**What this task involves**: Set down all of the data exactly. Pictures stay out of the copy.

**Source data**:
-=-=-

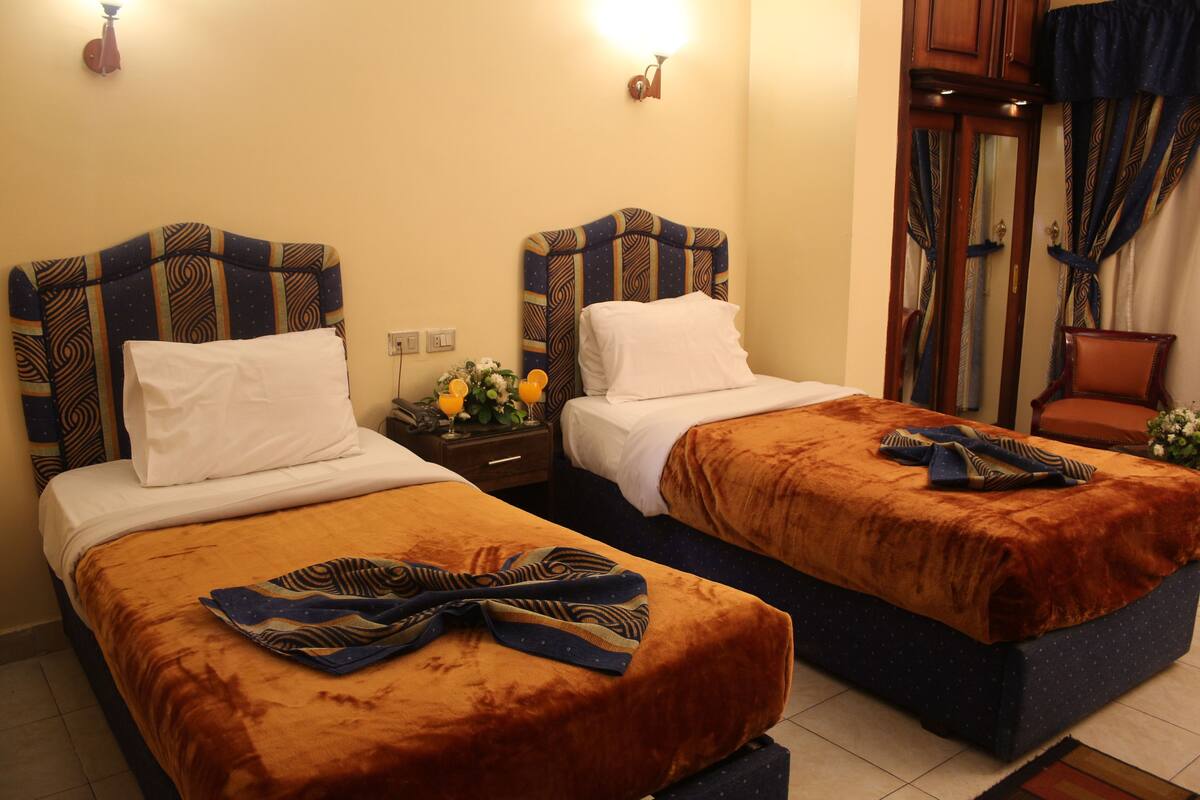 Quarto de hotel com duas camas, cada uma com cabeceira estampada, almofadas brancas e manta marrom. Tem uma mesa de cabeceira com abajur e um vaso de flores.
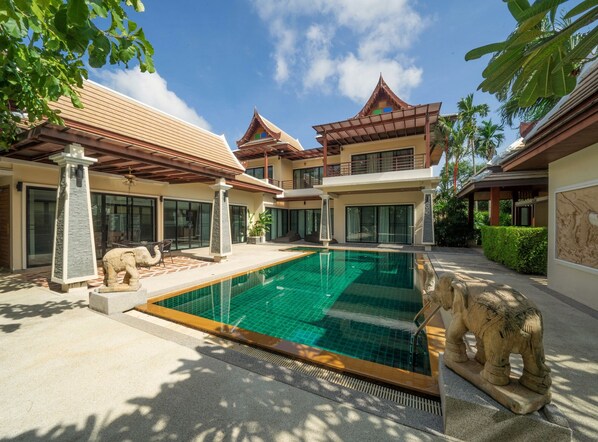 A modern villa with a swimming pool, stone elephant statues, and traditional architectural elements. - Empylean Modern Thai Villa (Rawai)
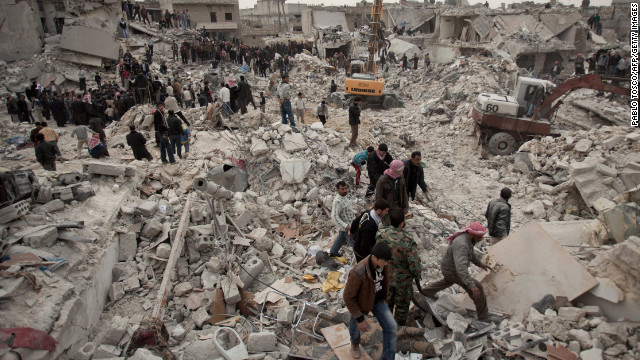 Syrians search for survivors and bodies after the Syrian regime attacked the city of Aleppo with missiles on February 23.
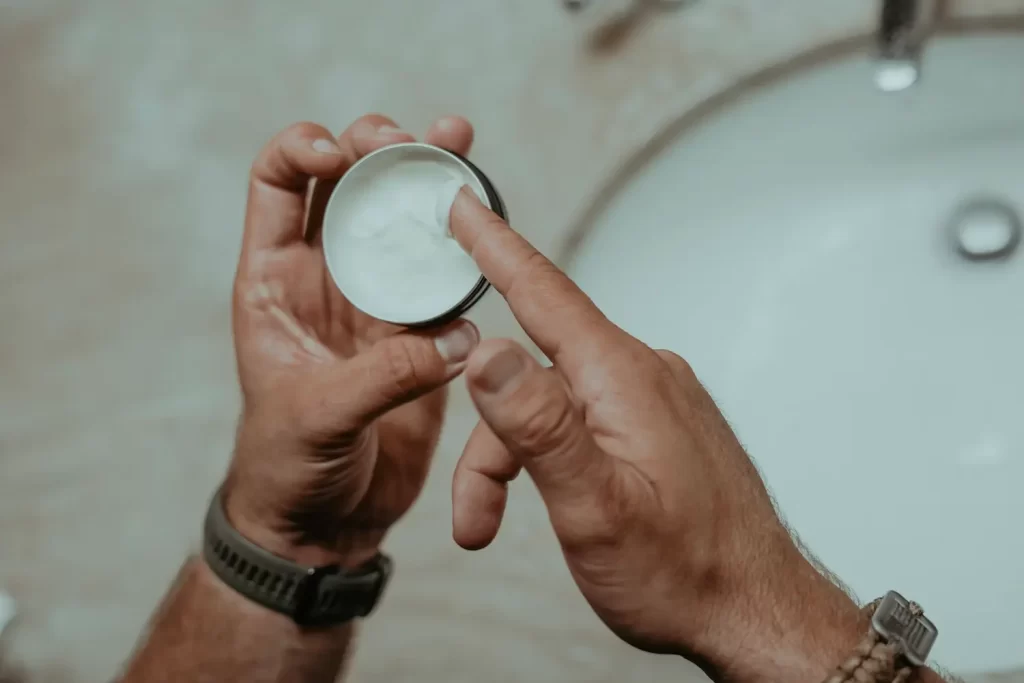 A imagem mostra duas mãos masculinas manuseando um balm para barba. Uma das mãos está com o dedo indicador com uma pequena quantidade do produto.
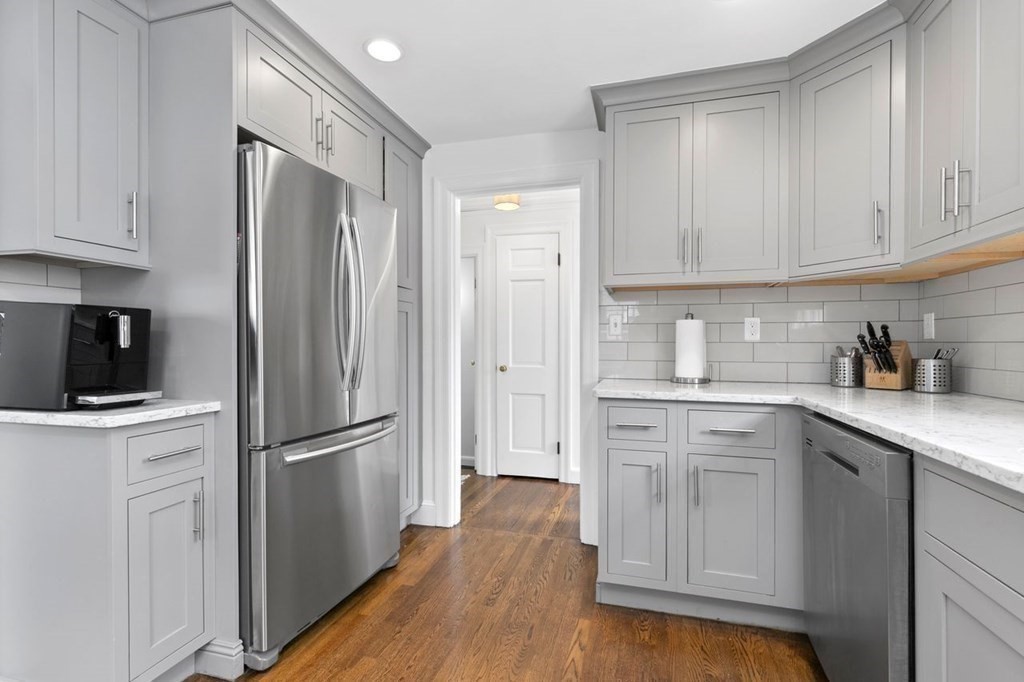 10 Standish Road Milton, MA 02186 - Photo 11 of 28 a kitchen with white cabinets stainless steel appliances and wooden floors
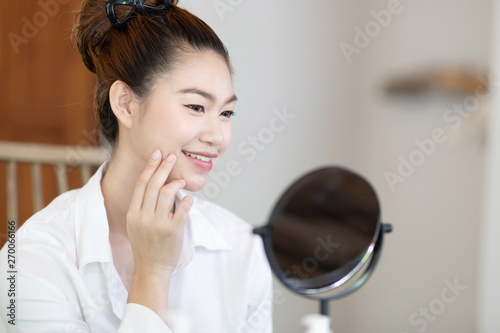 Portrait of a Beauty young woman brunette cosmetics looking in the mirror with fresh healthy facial skin,feeling so fresh and happiness,Beauty and Cosmetics Concept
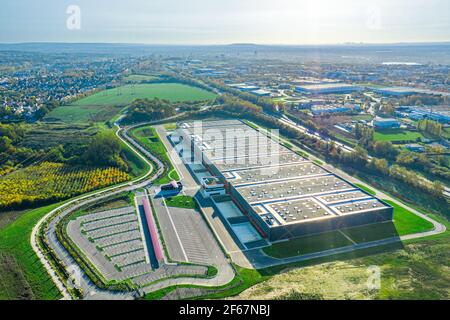 Aerial view of brand new warehouse building in logistic areal. Transport and logistics, modern industrial building and technology. Stock Photo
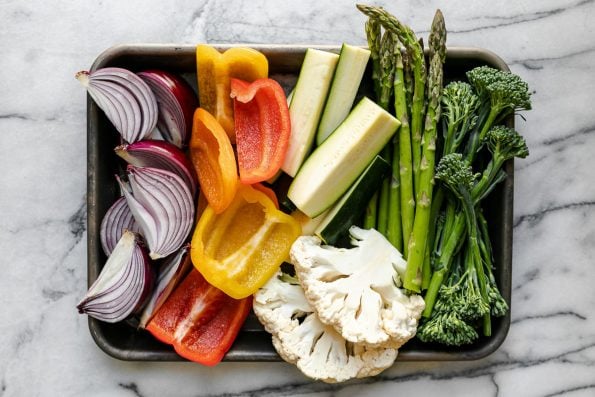 A variety of veggies including broccolini, asparagus, cauliflower, zucchini, onion, & peppers on a aluminum baking sheet. The baking sheet rests on a white & gray marble surface.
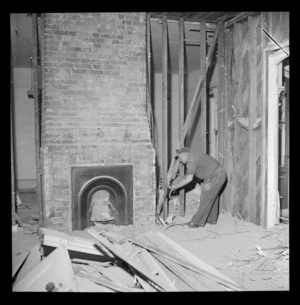 Demolition of Myer's home, Hobson Street, Wellington, showing an unidentified man removing building materials from interior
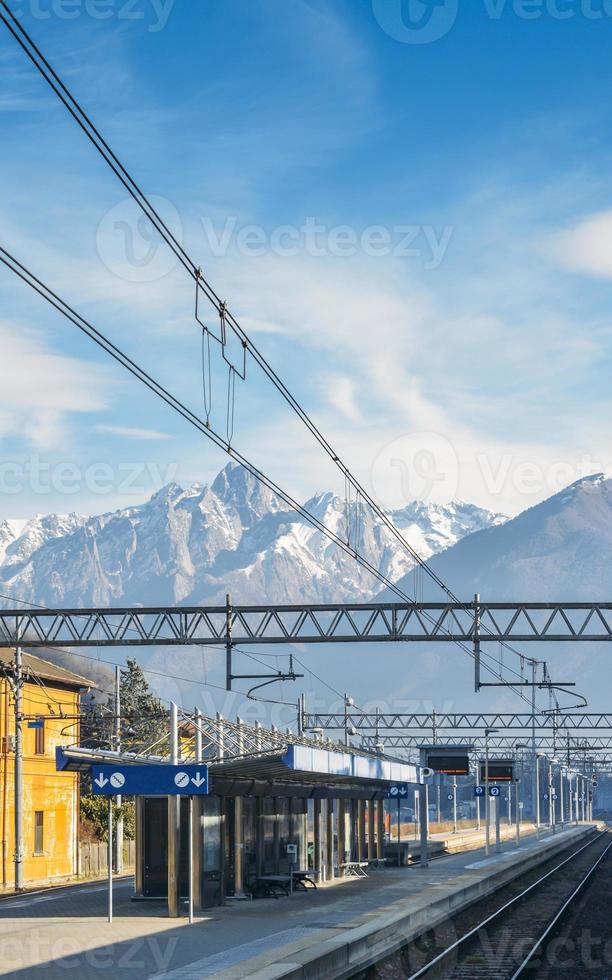 vista dal finestrino esterno del treno presso la piccola stazione ferroviaria e le maestose alpi italiane foto
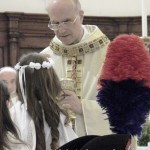 Il cardinale Bertone dà l'Eucarestia ai ragazzi della Prima Comunione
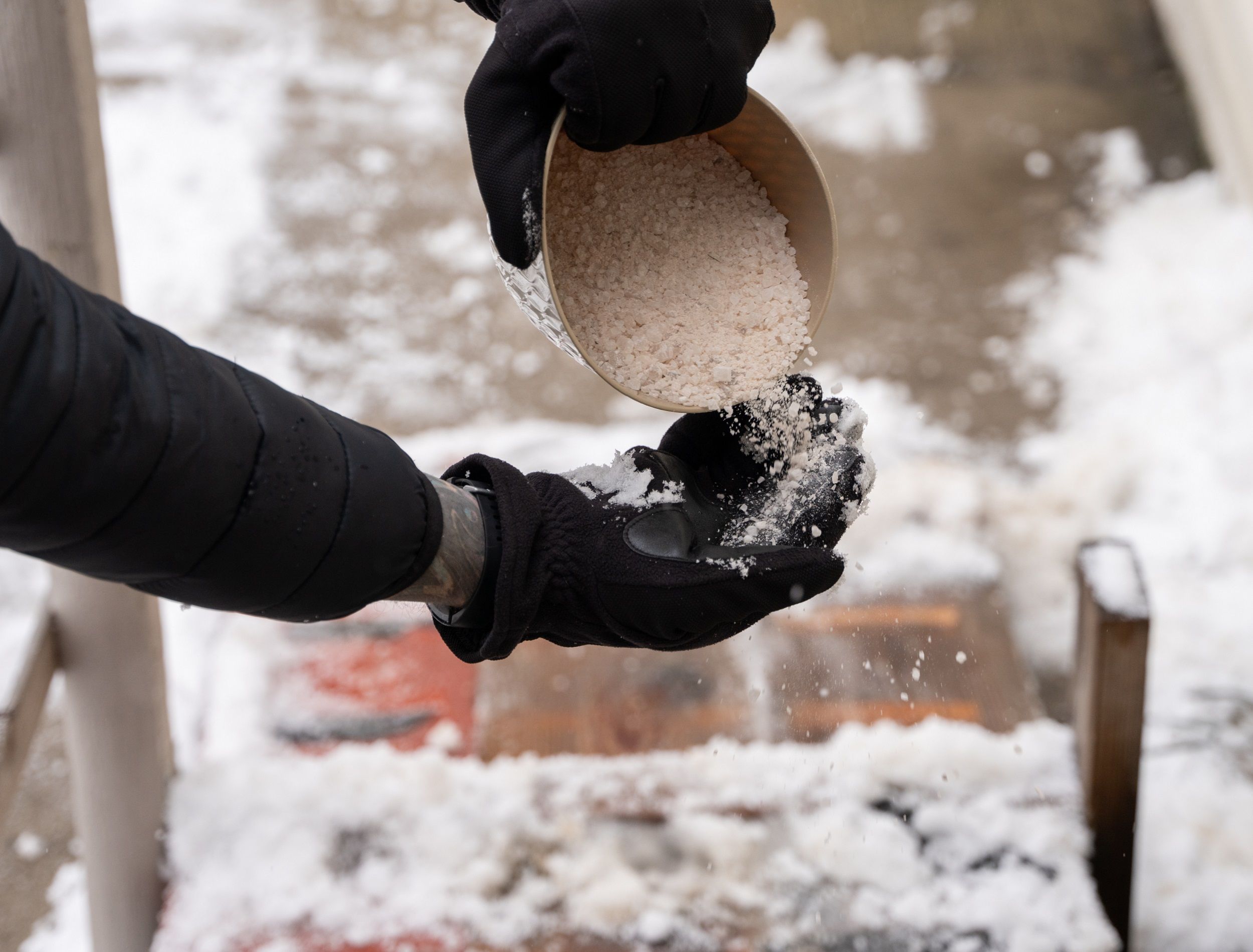 Pouring out Epsom salts to use on icy porch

-=-=-

**Answer to this task**:
 Quarto de hotel com duas camas, cada uma com cabeceira estampada, almofadas brancas e manta marrom. Tem uma mesa de cabeceira com abajur e um vaso de flores.
 A modern villa with a swimming pool, stone elephant statues, and traditional architectural elements. - Empylean Modern Thai Villa (Rawai)
 Syrians search for survivors and bodies after the Syrian regime attacked the city of Aleppo with missiles on February 23.
 A imagem mostra duas mãos masculinas manuseando um balm para barba. Uma das mãos está com o dedo indicador com uma pequena quantidade do produto.
 10 Standish Road Milton, MA 02186 - Photo 11 of 28 a kitchen with white cabinets stainless steel appliances and wooden floors
 Portrait of a Beauty young woman brunette cosmetics looking in the mirror with fresh healthy facial skin,feeling so fresh and happiness,Beauty and Cosmetics Concept
 Aerial view of brand new warehouse building in logistic areal. Transport and logistics, modern industrial building and technology. Stock Photo
 A variety of veggies including broccolini, asparagus, cauliflower, zucchini, onion, & peppers on a aluminum baking sheet. The baking sheet rests on a white & gray marble surface.
 Demolition of Myer's home, Hobson Street, Wellington, showing an unidentified man removing building materials from interior
 vista dal finestrino esterno del treno presso la piccola stazione ferroviaria e le maestose alpi italiane foto
 Il cardinale Bertone dà l'Eucarestia ai ragazzi della Prima Comunione
 Pouring out Epsom salts to use on icy porch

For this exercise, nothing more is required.